Google Likely Shifted Undecided Voters in 2018 Election, Perhaps Millions, Researcher Says
March 25, 2019
Updated: March 25, 2019
Google may have skewed the results of the 2018 midterm
elections by millions of votes, according to research by psychologist
Robert Epstein.
Epstein had about 130 anonymous “field agents” in Orange County,
California, and about 30 more across the country who had all their
election-related Google search results recorded, more than 47,000 of
them, including nearly 400,000 web pages that the search results linked
to.
“We found significant pro-liberal bias on Google—enough, quite
easily, to have flipped all three congressional districts in Orange
County from Republican to Democrat,” Epstein said in an emailed
statement.
Democrats indeed flipped in 2018 the three congressional seats in the county that Epstein zeroed in for his study.

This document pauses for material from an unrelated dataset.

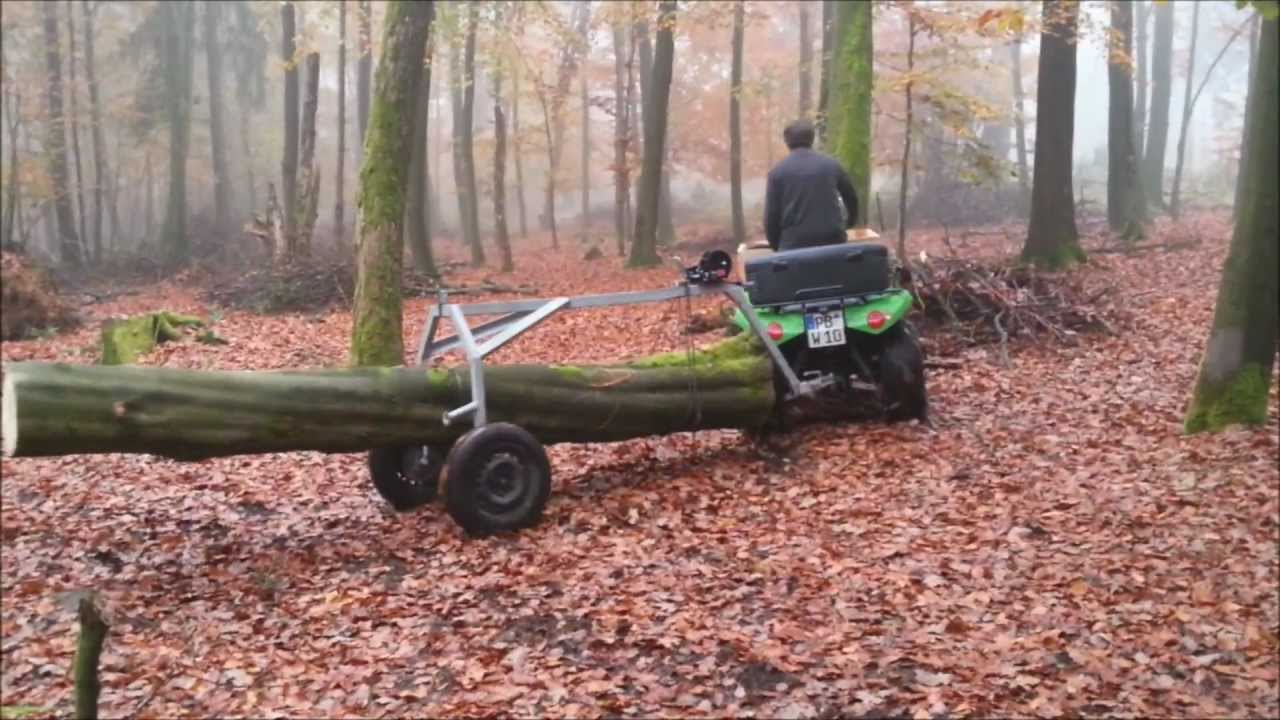 ATV mit Rückewagen für Stammholz im Buchenwald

Compared to search engines Bing and Yahoo, Epstein and his team found
the results from Google were “significantly more liberal than
non-Google search results on all 10 days leading up to and including
Election Day and in all 10 positions of search results on the first page
of search results,” according to the summary of a paper Epstein plans
to present at the annual meeting of the Western Psychological
Association in Pasadena, California, in April. The summary was provided
by Epstein to The Epoch Times.
They
estimated the bias, based on ratings collected from thousands of people
crowdsourced through sites like MTurk, he explained. Epstein further
looked at news sources in the search results and calculated their
political bias, based on ideological media map published in 2017 by Harvard’s Berkman Klein Center.
On a scale of -1 to 1, from the most conservative to the most
liberal, Google search results had an average bias of 0.14, while
non-Google search results averaged -0.13.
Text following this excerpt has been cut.